Total RNA was extracted using the RNeasy Plus Mini Kit (Qiagen, Valencia, CA, USA) according to the manufacturer’s protocol, and quantified with a Nanodrop lite spectrophotometer (Thermo Scientific). For each sample, 2 μg RNA was reverse transcribed with a first-strand cDNA synthesis kit (Invitrogen, Carlsbad, CA, USA). All quantification was performed using an ABI Stepone Plus Real-Time PCR System (Foster City, CA, USA) in 96-well optical reaction plates.

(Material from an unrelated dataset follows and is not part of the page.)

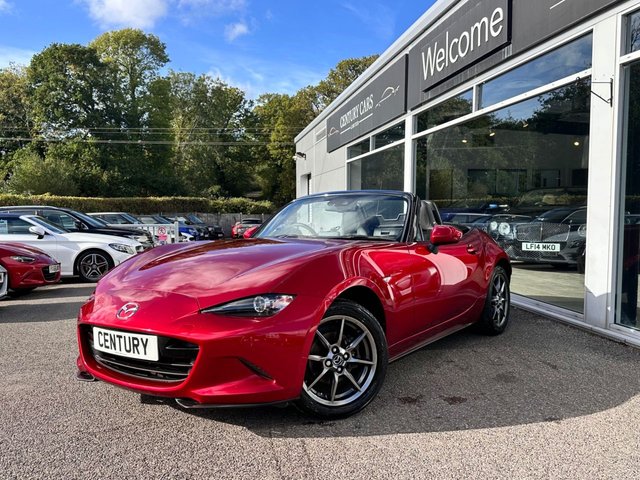 2019 Mazda MX-5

Primers were designed for absolute splice variant quantification, with reference to constructs of known concentration, as described previously.21 In addition, a primer pair recognizing a region present in all STAT3 splice variants (spanning exons 19 and 20) was used for relative qPCR, with GAPDH as a reference gene.39 By combining absolute and relative qPCR quantification data, mRNA levels were calculated: mRNA level=pan-STAT3 mRNA level (relative qPCR quantification) × STAT3 isoform percentage (absolute qPCR quantification).

Statistical analysis

In single and combination STAT3 experiment, the rescue efficiencies of different STAT3 variant stable cell lines on day 12 were calculated: Rescue efficiency=(survival rate of STAT3 variant stable cell line−survival rate of EV)/(survival rate of STAT3Sα-C−survival rate of EV). Two-tailed Student's t-test and two-way ANOVA were performed to analyze statistical significance. P<0.05 and P<0.01 were used to show statistical significance throughout the article. Spearman’s rank correlation coefficient was used to assess the correlation between rescue efficiency and expression of NFKBIA or NFKBIZ.